Sunday’s Super Bowl XLVI clash will reflect another great rivalry – between Wall Street’s sell-side banks and the buy-side investors of Boston’s mutual fund industry. The New England Patriots will be seeking retribution for a loss to the New York Giants in the same season finale just four years ago. The bragging rights this year could help the two groups of financiers decide, Gordon Gekko style, whose form of greed prevails.

New York’s finance industry, of course, bleeds Giants blue (with occasional streaks of Jets green), while the Patriots share a home with mutual fund firms including behemoths like Fidelity and Putnam Investments. But neither camp has much to crow about.

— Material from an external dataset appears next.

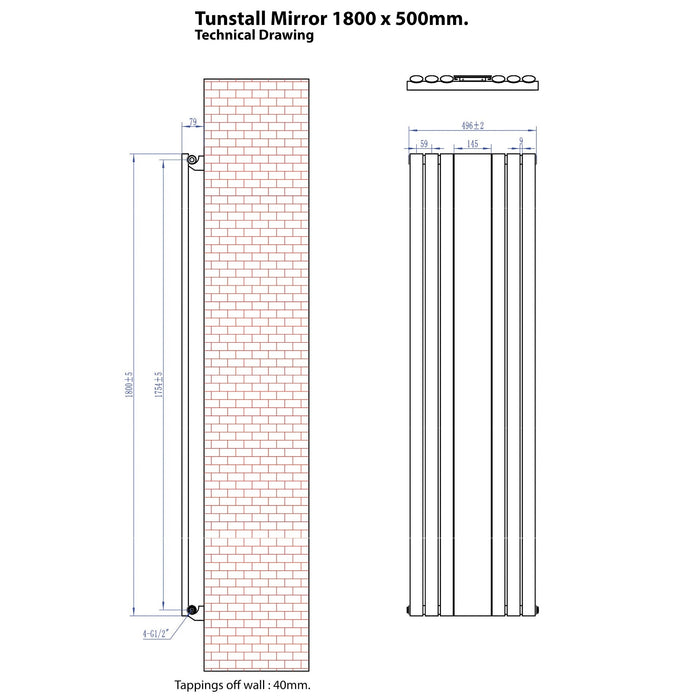 Eastbrook Tunstall Single Designer Mirror Radiator Matt Black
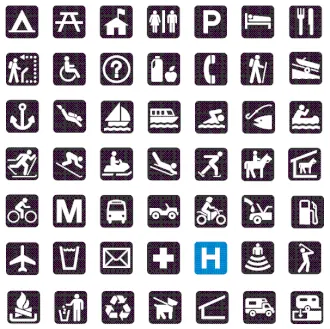 Example icons of U.S. National Park Service (NPS) from:

http://www.nps.gov/hfc/carto/map-symbols.htm
http://www.nps.gov/hfc/photos/carto-pictographs.gif
For list of 350 NPS icons, see: Category:USNPS map symbols.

The banks and brokers sprinkled across Manhattan have had a terrible run, despite the Facebook initial public offering windfall that just dropped in their laps. Smaller shops like Kaufman Brothers and Ticonderoga Securities are shutting their doors. Layoffs are rampant and bonuses shrunken. The likes of Goldman Sachs and Morgan Stanley, among the leading purveyors of stocks, are trading below their book values.

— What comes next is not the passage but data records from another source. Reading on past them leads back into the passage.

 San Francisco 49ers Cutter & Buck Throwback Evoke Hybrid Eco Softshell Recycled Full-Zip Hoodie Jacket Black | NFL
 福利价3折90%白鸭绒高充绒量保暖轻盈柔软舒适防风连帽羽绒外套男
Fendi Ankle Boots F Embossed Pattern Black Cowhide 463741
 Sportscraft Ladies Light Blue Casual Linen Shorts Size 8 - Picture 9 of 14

Listed buy-side investment firms may not be so out of favor, but over the last five years their collective shares are still down 30 percent. With stocks still fighting to recover their pre-crisis highs, investors have understandably lost some faith in portfolio managers. Fidelity’s flagship Magellan Fund has shrunk to $15 billion of assets under management from over $100 billion at the turn of the century.

The circumstances take the fun out of jaw-boning over which side of the Street has the better paycheck-lifestyle balance. That means they’ll need to live more than usually vicariously through their football heroes. And the sporting stakes are high. New York teams have claimed seven major U.S. crowns, including five by the baseball Yankees and one by the Giants, over the last 20 years. Boston’s squads boast an equal number – three by the Patriots.

Absent much to cheer about in their own businesses, the buy-side and sell-side may just let their score be settled far away from their trading desks – on the gridiron in Indianapolis.